ところで、日本人は長谷川等伯の絵がたいそう好きらしい。というのは、NHKが2000年に視聴者アンケートによる日本の美術作品100選の特集をしたときに、等伯の「松林図屏風」が第一位だったことからわかったのだが、関係者達も、そのことには驚いたらしい。個人的には、私も好きな絵の一つだが、昨年、東京国立博物館で開催された「等伯展」で、それを鑑賞した際には、あまりの人の多さに辟易し、味わうところまではいかなかったのが残念だった。やはり、この絵は、少し距離を置いた場所から一人で静かに眺めてみたいものである。
今回は、この絵の一つの特徴でもある余白を想像しながら「白」について考えてみようと思う。というのも、色の意味あいについて、西洋と日本で、かなり異なる様相をもつのが「白」ではないかと察すると同時に、日本の「白」については、日本独特の思想があると思われるからである。

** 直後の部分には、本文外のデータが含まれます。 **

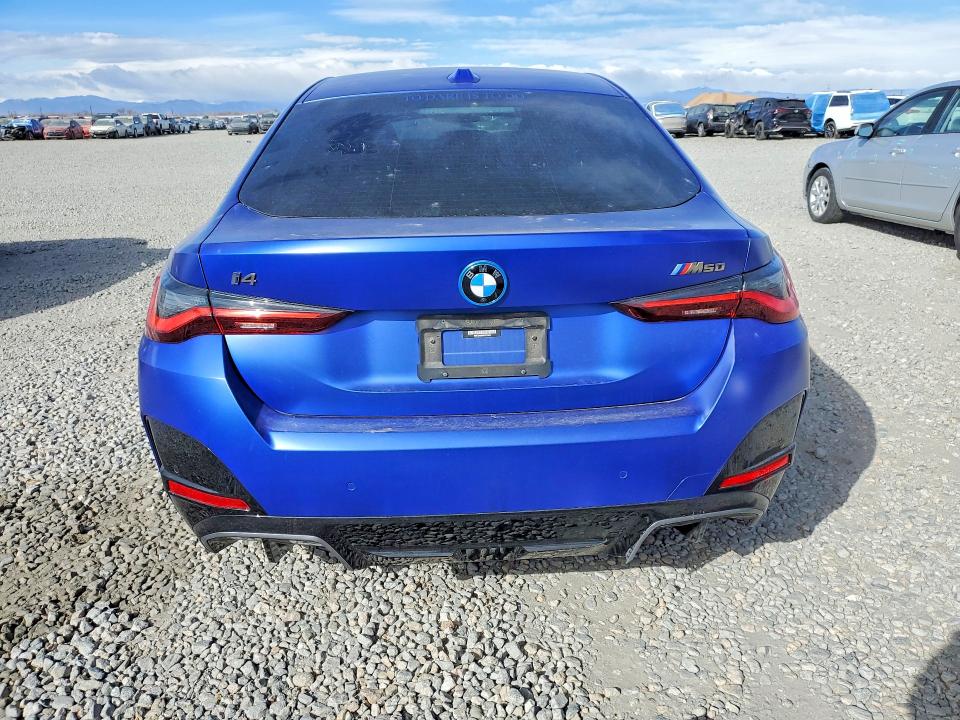 2023 BMW I4 VIN WBY33AW00PFP73624 COPART salvage auction — FRONT END, Co - Salvage Title, sold $6,600 on 2026-07-14 (photo 6)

そこから日本の美の姿の一端に少しでも触れることができれば、と考える。
その「白」を象徴するものの一つとして龍安寺の石庭がある。一般的に、枯山水というのは涸れることによって水を得るという捉え方がされている。東京美術学校(現在の東京芸大)を設立した岡倉天心の言葉に「故意に何かを仕立てずにおいて、想像のはたらきでこれを完成させる」とある。次の和歌にも同様の思想がみられる。「見渡せば花も紅葉もなかりけり浦の苫やの秋の夕暮れ」に、それがあらわれているだろう。これらから想像するに、日本の「白」には、あえて無の世界から有をつくりだすことを前提にした上で存在する姿が感じられる。
この点について、西洋の「白」と比較してみたらどうだろうか。「白」の時代で有名なフランスの画家ユトリロの場合を取り上げてみよう。画家が、なぜ、ある特定の色ばかりを使っているのか、を考える際の参考としては、一般的に、画家自身の人生の履歴などから、そのヒントらしきものを推測していくことが多い。ユトリロの場合も、その方法でみていくとどうだろうか。彼のモンマルトルの街を白で描き続けた背景に、早くからアルコール中毒になるほどの孤独な幼年時代、母への複雑な想い等があったことを結びつけると、自身の人生体験を無にしたいという意識があったのではないかと想像できなくもない。言い換えるならば、そこには、有から無への方向性があるとも言えるだろう。先ほどの日本の無から有とは全く逆である。
さらに、日本の「白」の場合には、そこに無常観という日本人の感覚が影響しているとも言えるだろう。だからこそ、実に多様なものが無の世界の余白の白から浮かび上がってくるとも考えられるのである。それゆえに、何も描かれていない余白が存在する日本の山水画と、キャンバスの上から白の画材を塗色する西洋画の違いが生れるのかもしれない。
「松林図屏風」に惹きつけられる多くの日本人がいるということは、私達の感性の中に、無から有という出現への暗示とも思われる「白」が潜んでいるのではないだろうか。つまり、日本の「白」とは、日本ならではの美に対する思想の一端をあらわしているとも考えられるのである。